### Data provided
• • • •

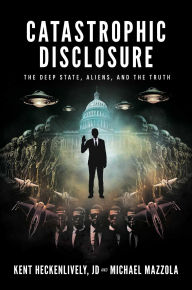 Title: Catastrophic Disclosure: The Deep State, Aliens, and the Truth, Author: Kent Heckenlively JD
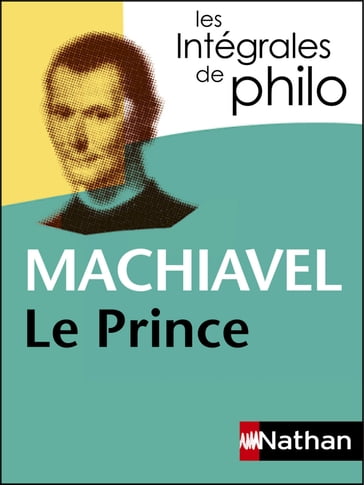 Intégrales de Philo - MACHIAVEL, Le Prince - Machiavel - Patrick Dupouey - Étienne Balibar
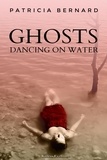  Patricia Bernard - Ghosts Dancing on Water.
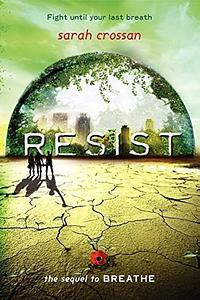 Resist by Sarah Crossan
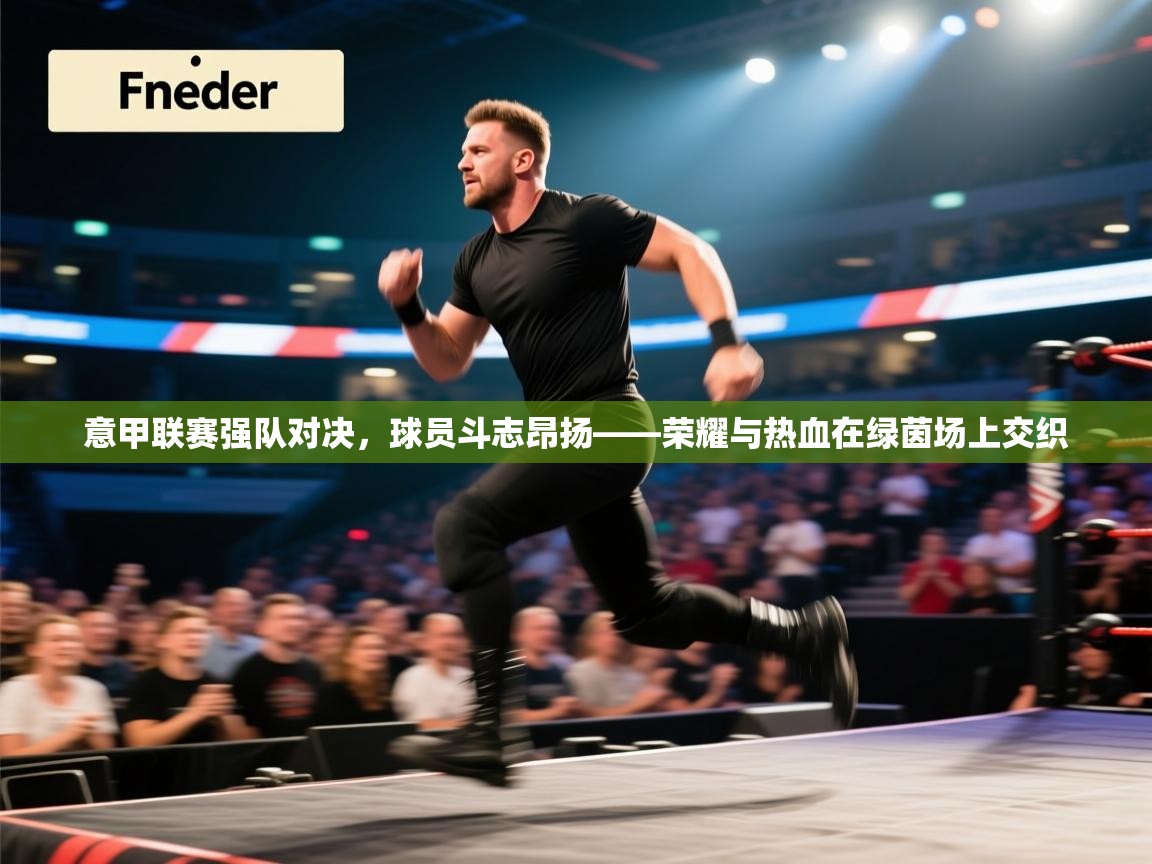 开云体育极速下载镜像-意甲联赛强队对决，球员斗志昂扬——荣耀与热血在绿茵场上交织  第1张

• • • •

### Goal of the exercise
Please return exactly, and only, the lines from the one containing "Patricia Bernard - Ghosts Dancing on Water." through the end of the records, with both end lines kept and every picture dropped.

### Task solution
  Patricia Bernard - Ghosts Dancing on Water.
 Resist by Sarah Crossan
 开云体育极速下载镜像-意甲联赛强队对决，球员斗志昂扬——荣耀与热血在绿茵场上交织  第1张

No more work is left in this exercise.